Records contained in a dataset
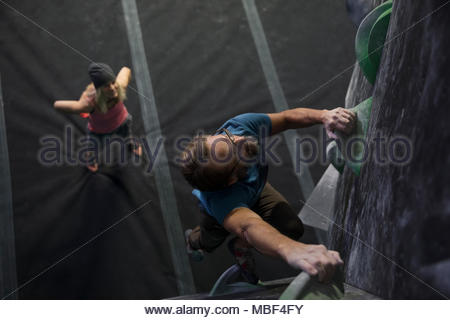 Decididos, centrado macho maduro escalador muro de escalada en el gimnasio de escalada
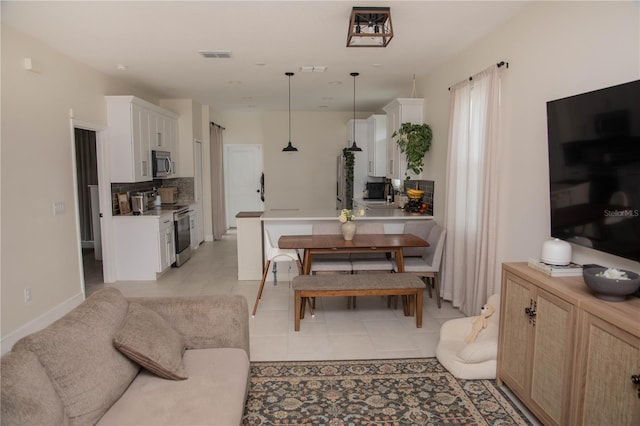 dining room with light tile patterned floors and visible vents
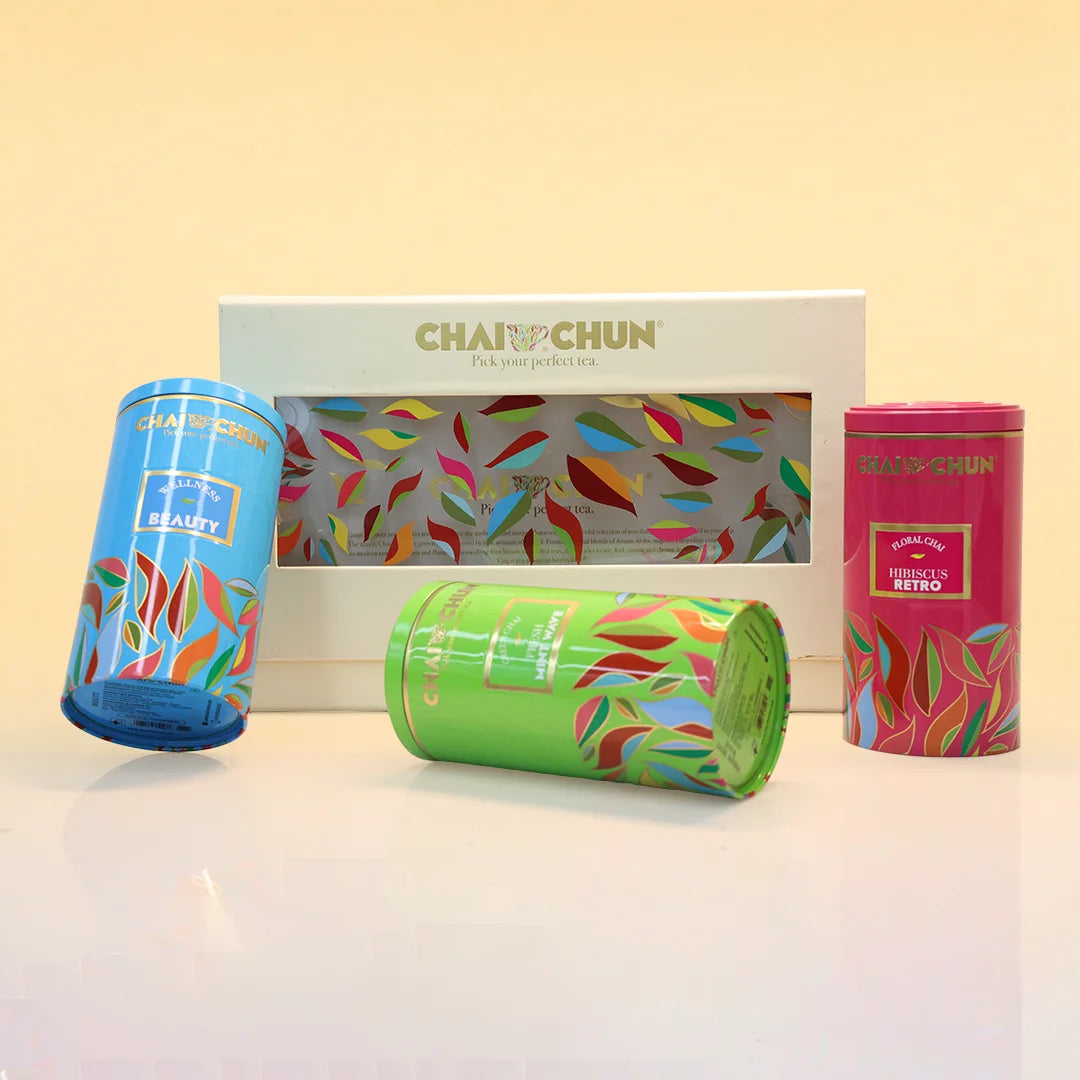 A ChaiChun tea gift set featuring three colorful cylindrical metal tea tins and a white box with a window, decorated with multicolored leaf patterns. The tins include blue, green, and pink designs, with labels for 'ChaiChun Beauty', 'ChaiChun Masala & Retro', and 'ChaiChun Classic'.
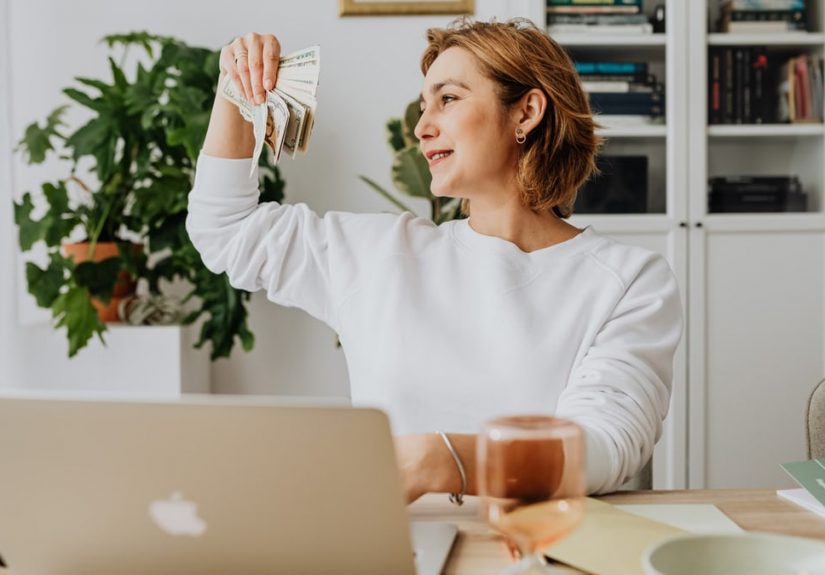 Smiling woman holding cash, working at home office with a laptop, symbolizing financial success.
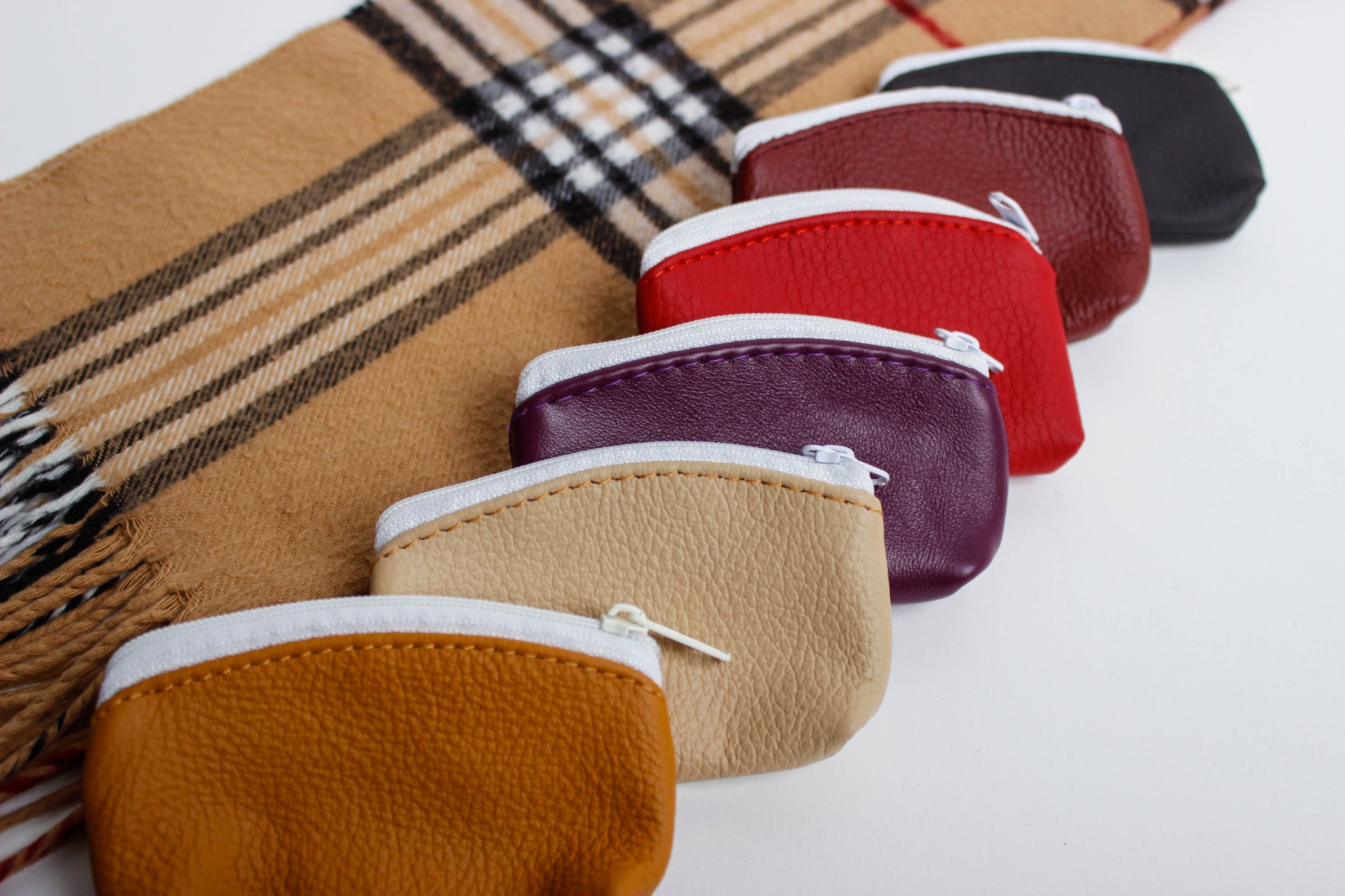 Rząd małych, kolorowych portmonetek ze skóry ekologicznej z zamkami błyskawicznymi, ułożonych na tle kaszmirowego szala w kratę.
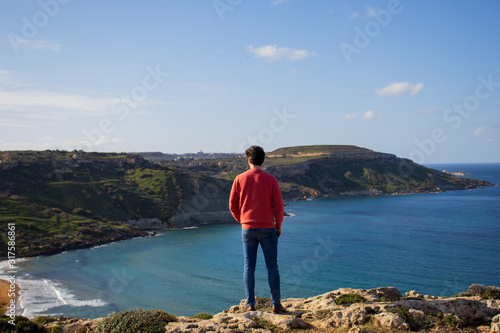 man standing on cliff enjoy the beautiful scenery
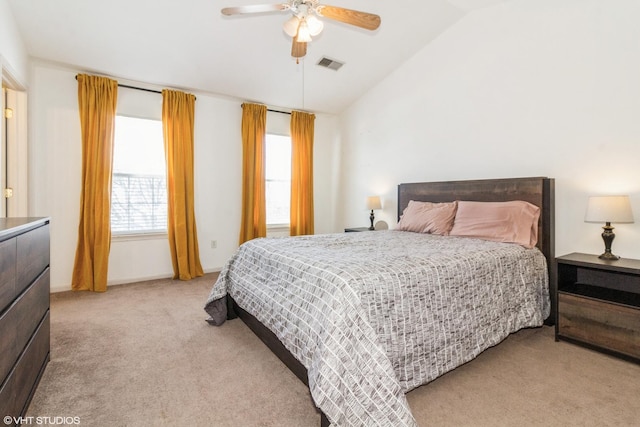 bedroom with ceiling fan, light colored carpet, and vaulted ceiling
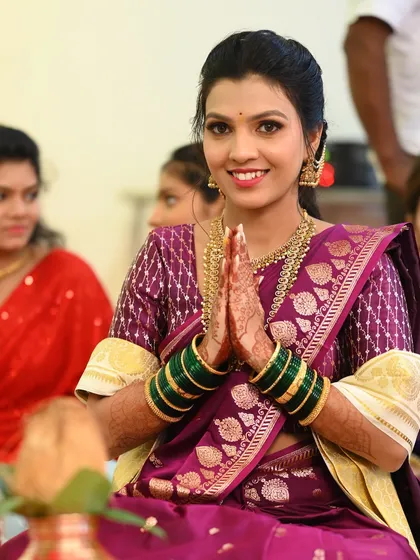 Another angle from the engagement puja, showing the bride's classic look and traditional attire.
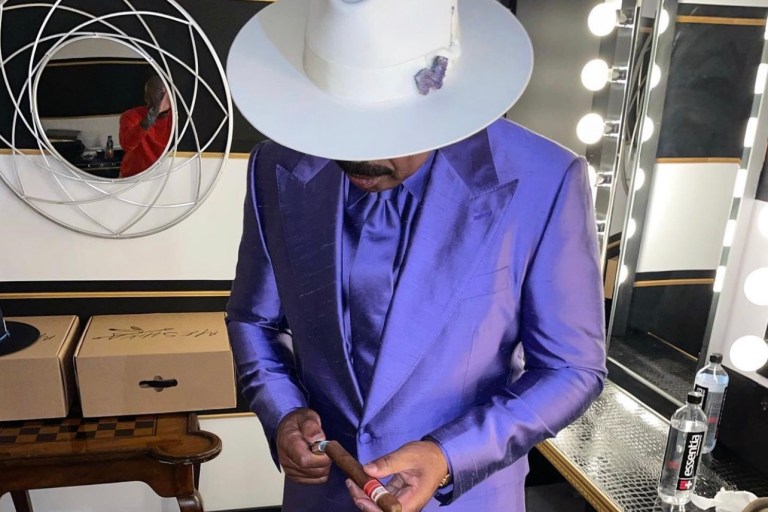 Steve Harvey Hosts Verzuz Between Earth, Wind & Fire and the Isley Brothers Wearing Dolce and Gabbana Custom Purple Satin Suit and Meshika White Hat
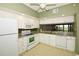 Well-equipped kitchen with white cabinets and granite countertops at 6450 Shoreline Dr # 9405, St Petersburg, FL 33708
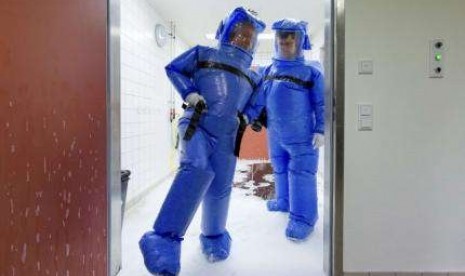 Doctor for tropical medicine Florian Steiner (right) and ward physician Thomas Klotzkowski step out of a disinfection chamber at the Charite hospital in Berlin August 11, 2014.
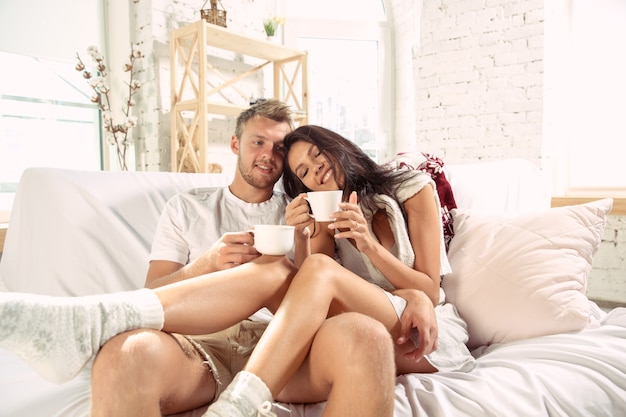 Pareja de enamorados en casa relajándose juntos.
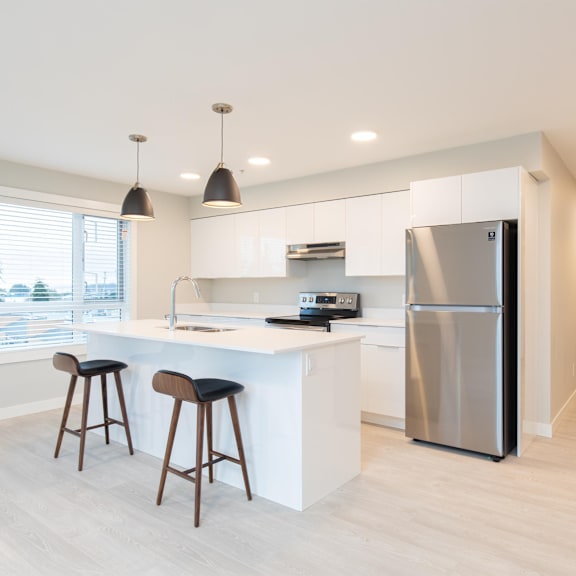 a modern kitchen with a white countertop and a stainless steel refrigerator.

* Instructions for the task:
Please reproduce exactly and only the lines from the first line of the records through the line containing "Smiling woman holding", both included, omitting any pictures.

* Answer for the task:
 Decididos, centrado macho maduro escalador muro de escalada en el gimnasio de escalada
 dining room with light tile patterned floors and visible vents
 A ChaiChun tea gift set featuring three colorful cylindrical metal tea tins and a white box with a window, decorated with multicolored leaf patterns. The tins include blue, green, and pink designs, with labels for 'ChaiChun Beauty', 'ChaiChun Masala & Retro', and 'ChaiChun Classic'.
 Smiling woman holding cash, working at home office with a laptop, symbolizing financial success.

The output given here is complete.